#### Image-caption web data
---*---
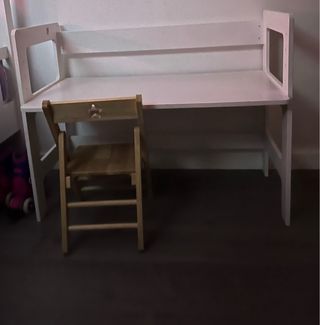 Tavolo e sedia per bambini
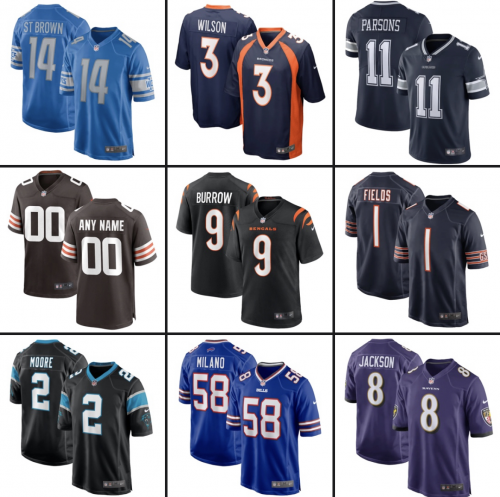 Create a NFL Jerseys 2022 Tier List - TierMaker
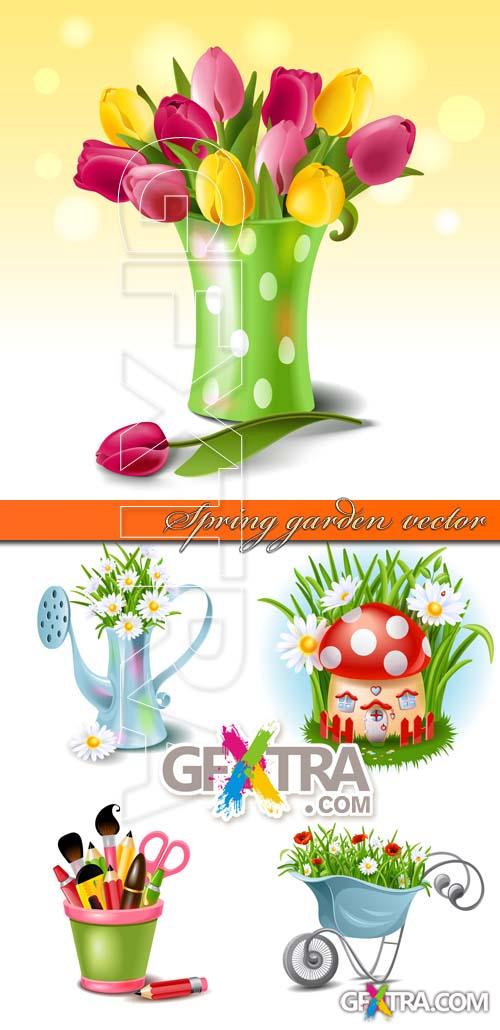 Spring garden vector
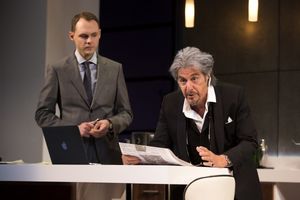 Christopher Denham and Al Pacino @ BroadwayWorld Christopher Denham and Al Pacino Photo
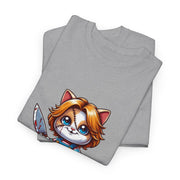 Horror Movie Cats Unisex Heavy Cotton Tee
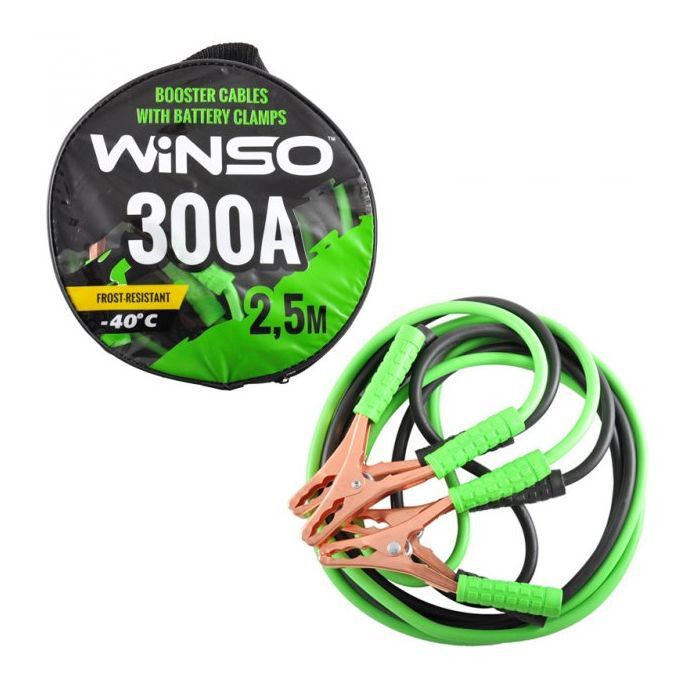Провода для запуска для автомобиля WINSO 300А, 2,5м (138310) изображение 3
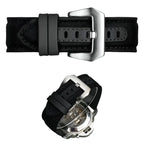 Nylon Canvas & Cowhide Leather Watch Strap for Panerai - 22/24/26mm - PAM111/441 - STRAPS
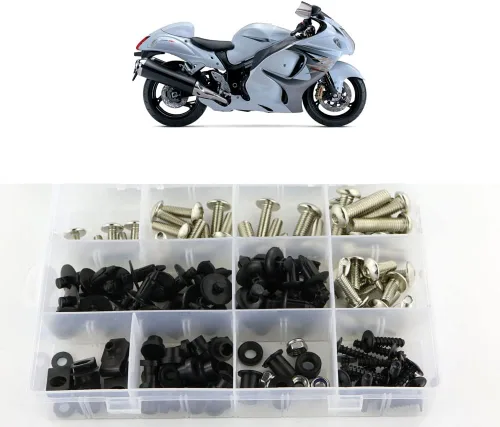 Vista 10 de Xitomer Tornillos Completos para Carrocería, Compatible con GSX1300R HAYABUSA 2008 2009 2010 2011 2012 2013 2014 2015 2016 2017 2018 2019, Juego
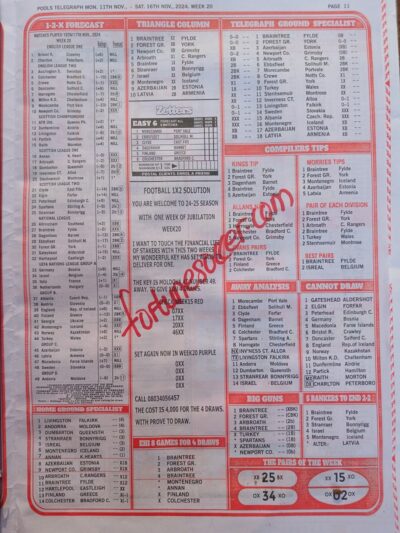 week 20 pools telegraph 2024 page 15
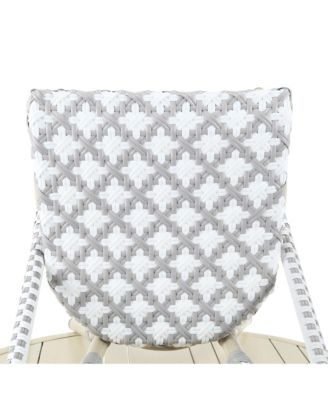 Quade Aluminum and PE Wicker Patio Dining Chairs, Set of 2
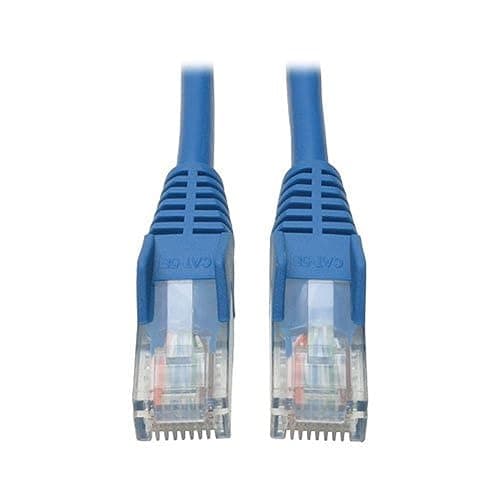 Image of Tripp Lite 6.09 m Cat5e / Cat5 350 MHz Snagless Molded UTP Patch Cable RJ45 M/M Blue (N001-020-BL)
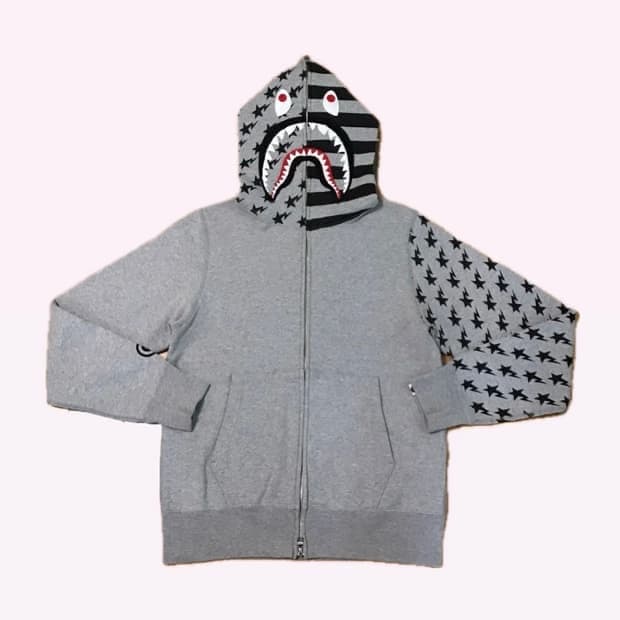 구합니다) 베이프 성조기 샤크후드 M,L,XL
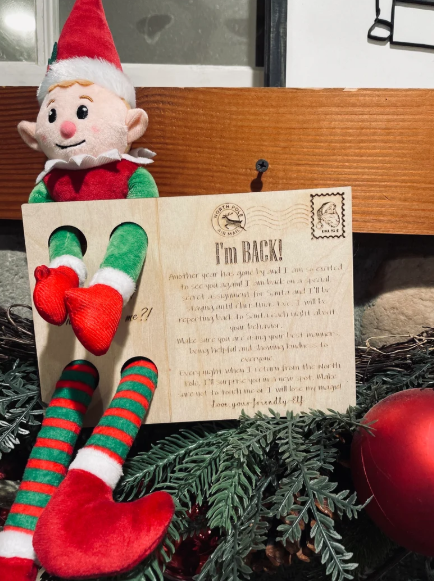 Elf on The Shelf Postcard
---*---
Pictures stay out. Print the data exactly, from its first line through the line containing "Image of Tripp".

 Tavolo e sedia per bambini
 Create a NFL Jerseys 2022 Tier List - TierMaker
 Spring garden vector
 Christopher Denham and Al Pacino @ BroadwayWorld Christopher Denham and Al Pacino Photo
 Horror Movie Cats Unisex Heavy Cotton Tee
Провода для запуска для автомобиля WINSO 300А, 2,5м (138310) изображение 3
 Nylon Canvas & Cowhide Leather Watch Strap for Panerai - 22/24/26mm - PAM111/441 - STRAPS
 Vista 10 de Xitomer Tornillos Completos para Carrocería, Compatible con GSX1300R HAYABUSA 2008 2009 2010 2011 2012 2013 2014 2015 2016 2017 2018 2019, Juego
 week 20 pools telegraph 2024 page 15
 Quade Aluminum and PE Wicker Patio Dining Chairs, Set of 2
 Image of Tripp Lite 6.09 m Cat5e / Cat5 350 MHz Snagless Molded UTP Patch Cable RJ45 M/M Blue (N001-020-BL)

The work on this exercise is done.